Fundamental Value returned 8.0% net of fees in the first five months of 2023, slightly trailing the S&P 500's 9.7% return. The strategy has compounded at 25.5% net annualized in the seven years since inception, besting the market by 13% a year.1 For monthly performance see our tearsheet.
Programming note: We have traditionally written investor letters on a strict quarterly basis, but our publishing schedule has become increasingly aperiodic over the past several years.Quarters are 90 days, but perceived time in the financial markets can vary considerably. Sometimes half a year goes by and not much has changed since our last letter; sometimes two weeks go by and it feels like a lifetime. We've decided to lean into that and publish investor letters when we have something new to say. This letter covers the first five months of 2023.
Between formal investor letters, we will continue to release plenty of content. We have separate email lists for investment theses, CIO Corner thought pieces, and monthly performance updates. You can adjust your subscription preferences here. You can also follow us on Twitter here and here.
A year and a half ago, we had just finished our “Everything Bubble” series, and the path ahead seemed remarkably clear to us. We predicted severe declines for the most speculative growth names, strong relative performance for value stocks, and the rise of interest rates due to the return of inflation. We wrote: "Extreme valuations presage real returns that investors will find severely disappointing -- and likely negative -- for many asset classes over years to come."
That script played out largely as we expected. Speculative securities have been decimated, the fed funds rate is now 5% higher, the real yield on TIPS has gone from nearly -1% to over 1.5%, and analyst estimates for 2023 S&P 500 earnings have come down -6%.
Yet equity indices remain eerily resilient. We wrote last quarter:
Since we published Part III: Apex of a Bubble on September 21st 2021, we’ve seen the largest reduction in fiscal stimulus on record, the fastest spike in real yields, the worst annual performance for Treasuries, the fastest pace of monetary tightening in generations, and the reversal of a decade of quantitative easing and zero interest rates.
Despite the S&P's bubble-like valuations in 2021 and the subsequent upheaval in many corners of the financial markets, the S&P is up 3.5% since Apex of a Bubble. Thus, the equity risk premium remains perilously thin.

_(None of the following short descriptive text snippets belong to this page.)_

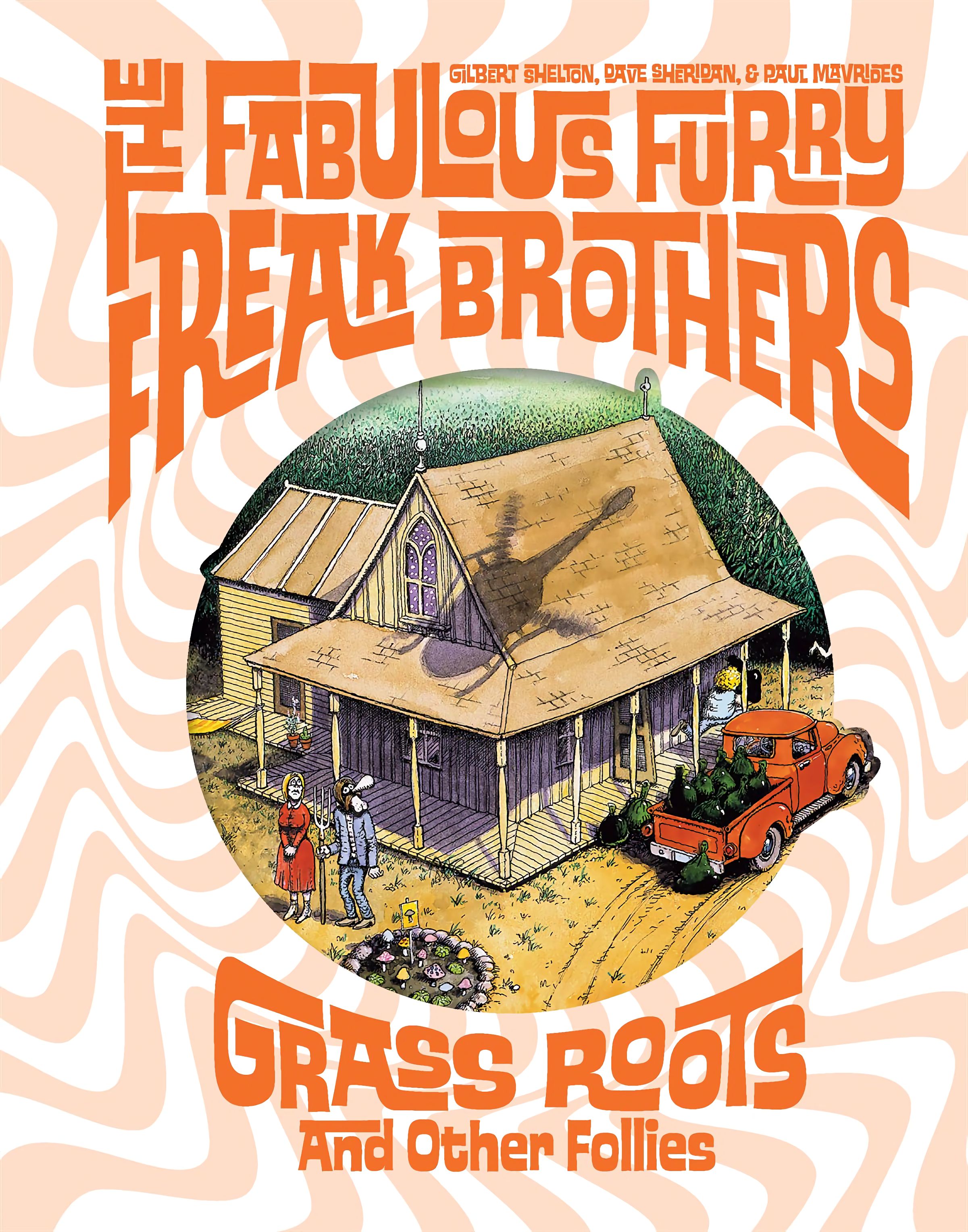 The Fabulous Furry Freak Brothers: In the 21st Century and Other Follies issue Grass Roots and Other Follies - Page 1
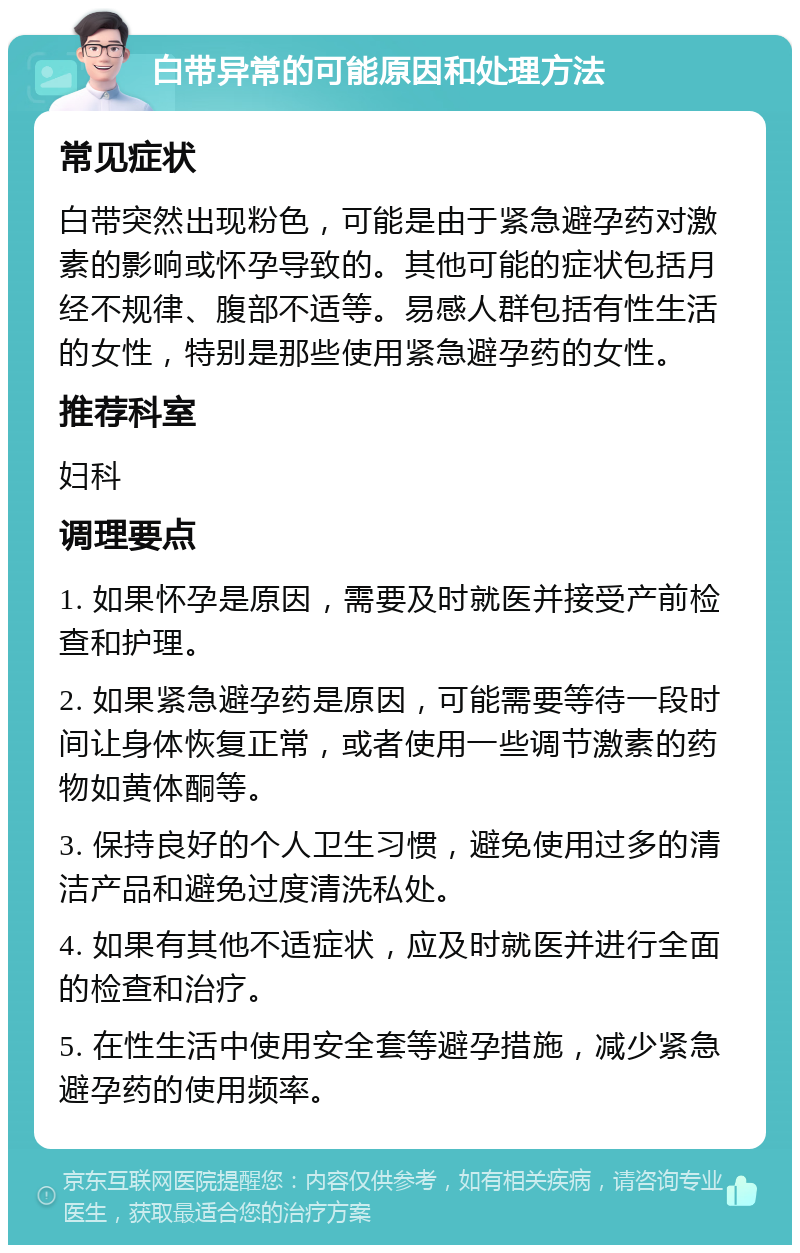 白带异常的可能原因和处理方法 常见症状 白带突然出现粉色，可能是由于紧急避孕药对激素的影响或怀孕导致的。其他可能的症状包括月经不规律、腹部不适等。易感人群包括有性生活的女性，特别是那些使用紧急避孕药的女性。 推荐科室 妇科 调理要点 1. 如果怀孕是原因，需要及时就医并接受产前检查和护理。 2. 如果紧急避孕药是原因，可能需要等待一段时间让身体恢复正常，或者使用一些调节激素的药物如黄体酮等。 3. 保持良好的个人卫生习惯，避免使用过多的清洁产品和避免过度清洗私处。 4. 如果有其他不适症状，应及时就医并进行全面的检查和治疗。 5. 在性生活中使用安全套等避孕措施，减少紧急避孕药的使用频率。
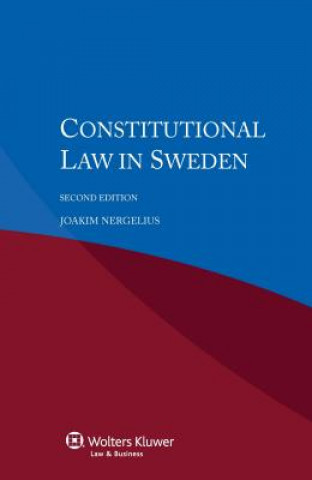 Kniha Constitutional Law in Sweden Joakim Nergelius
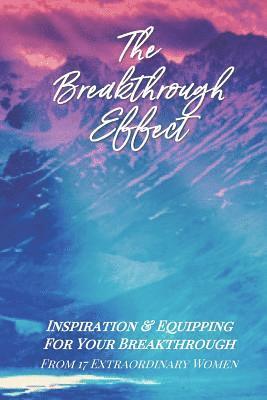 The Breakthrough Effect: Inspiration & Equipping For Your Breakthrough From Seventeen Extraordinary Women 1
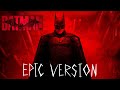 The Batman Theme | EPIC VERSION (feat. Mask of The Phantasm Theme x Imperial March)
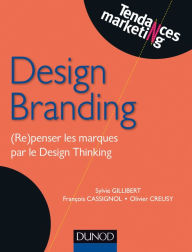 Title: Design Branding: (Re)penser les marques par le Design Thinking, Author: Sylvie Gillibert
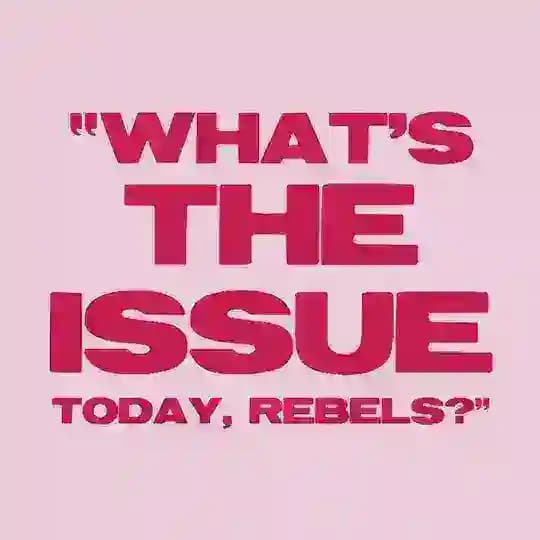 Rebel Issue: The Future of Fame.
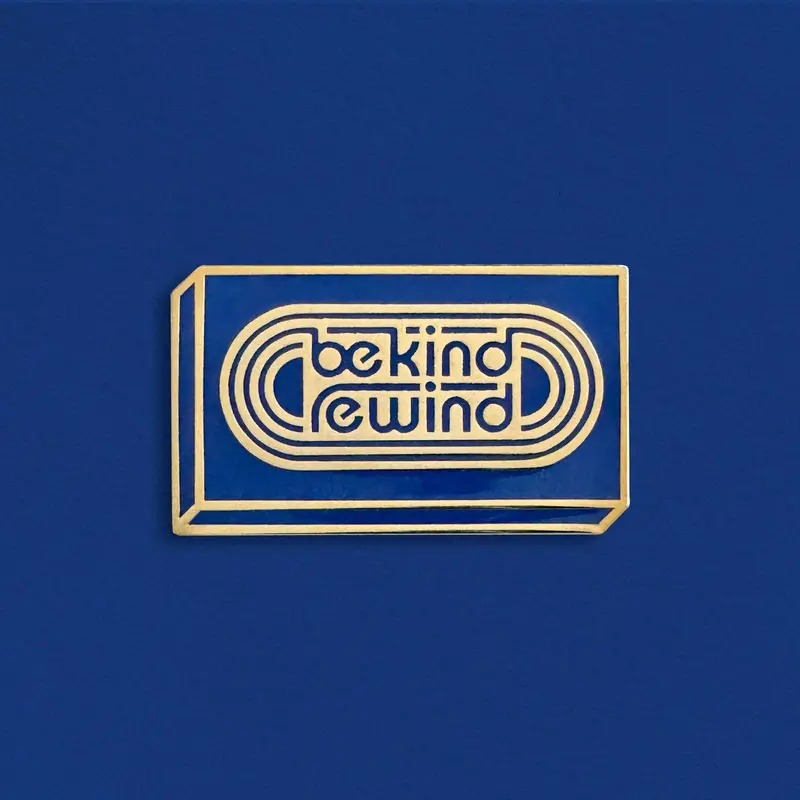 ‘Be Kind Rewind’ Retro VHS Enamel Pin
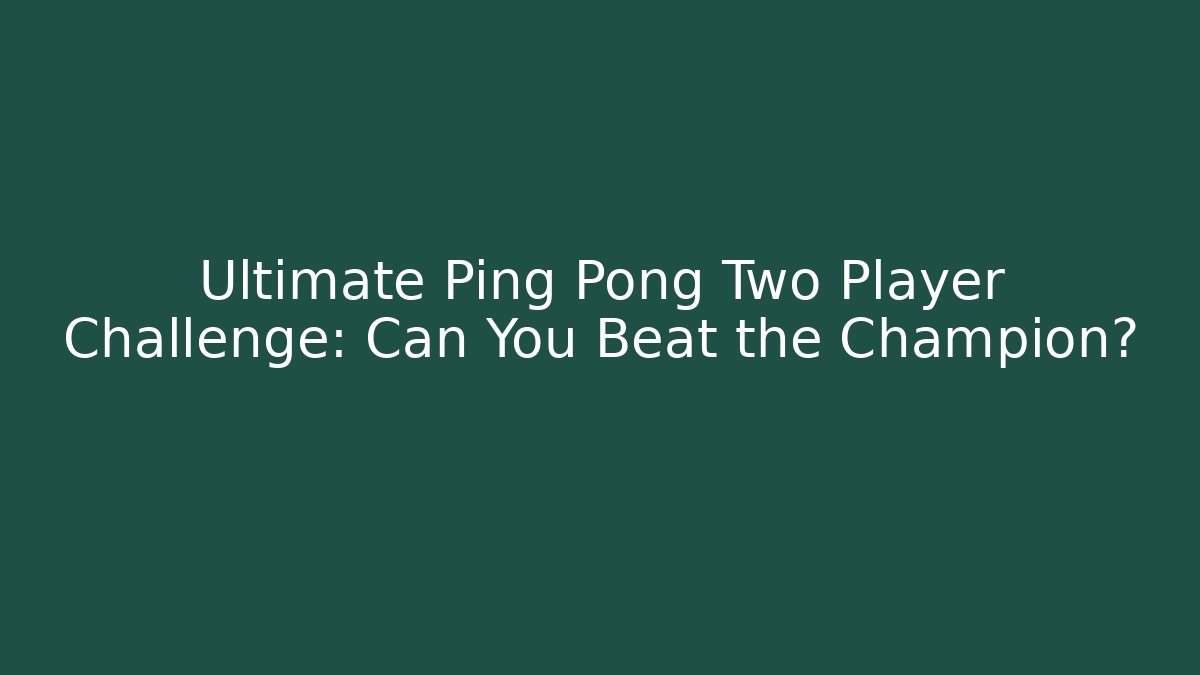 Ultimate Ping Pong Two Player Challenge: Can You Beat the Champion?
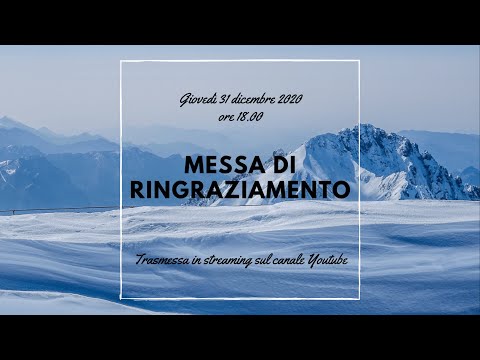 Giovedì 31 Dicembre 2020 - Messa di Ringraziamento - S. Messa in Diretta
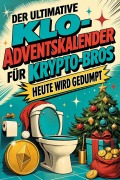 Cover-Bild zum Titel 'Der ultimative Klo-Adventskalender für Krypto-Bros' von 'Elias Schulz'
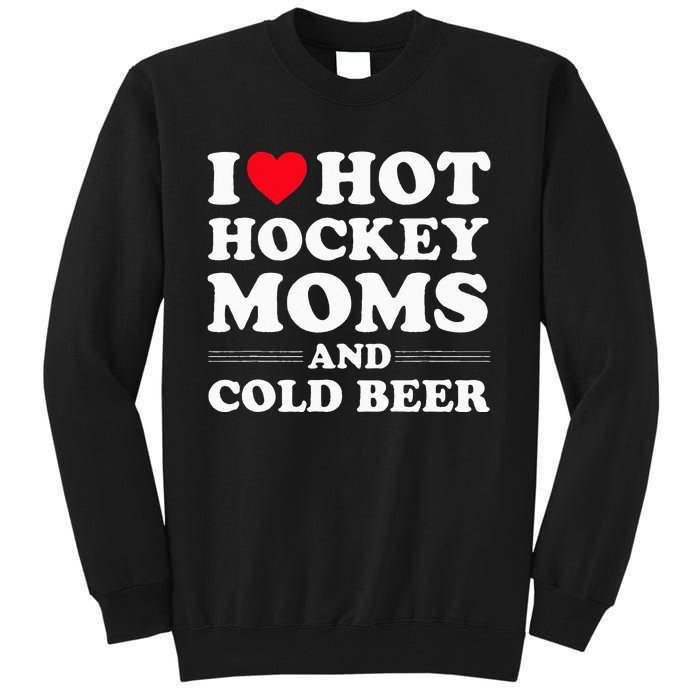 Funny Hockey I Love Hot Hockey Moms And Cold Beer Tall Sweatshirt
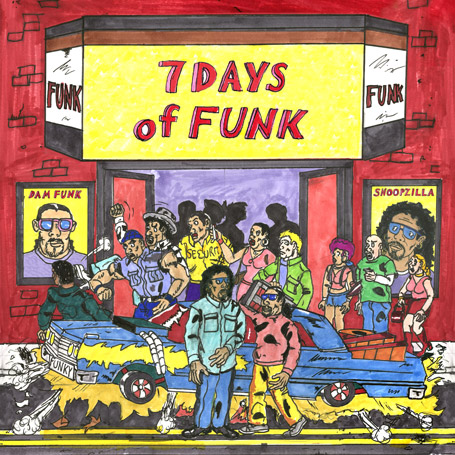 Snoopzilla & Dâm-Funk- 7 Days Of Funk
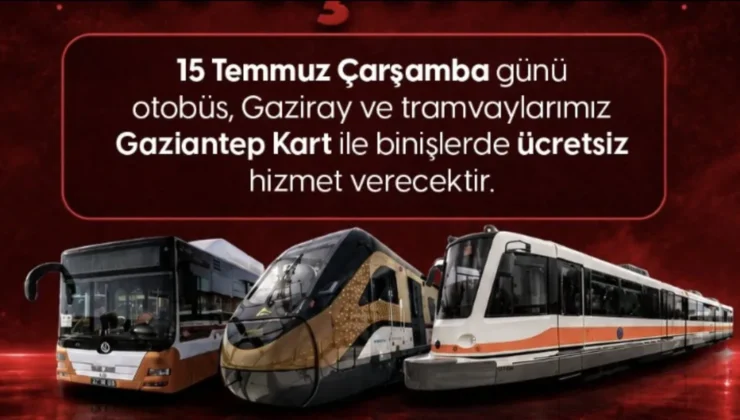 Gazianteplilere müjde, ücretsiz oldu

Equities are priced for a Goldilocks economic scenario: not too hot, not too cold. A hot economy with stubbornly elevated inflation is a problem for valuations. A cold economy with recession is a problem for earnings. Our personal view is that the too-hot scenario is the most likely -- the labor market and hence the consumer remains extremely strong -- but either outcome seems possible.
The Goldilocks "just right" economy -- where inflation falls rapidly back to the Fed's 2% target without significant pain for corporations, consumers or credit -- is possible as well. However, this feels like wishful thinking.
We have just seen the end of various multi-decade trends in interest rates and inflation. And in just the last few years, we've seen the greatest monetary policy experiment of all time, with negative real interest rates and trillions of dollars of quantitative easing, and the greatest fiscal policy experiment of all time, with record transfer payments supporting the economy. Virtually overnight, these distortionary impulses were withdrawn.
We should expect some dislocations.
Fundamental assumptions will be challenged. For the past forty years -- most investors' entire careers, and our entire lives -- interest rates have been declining. A trend that persists for so long inevitably becomes ingrained into investor psychology.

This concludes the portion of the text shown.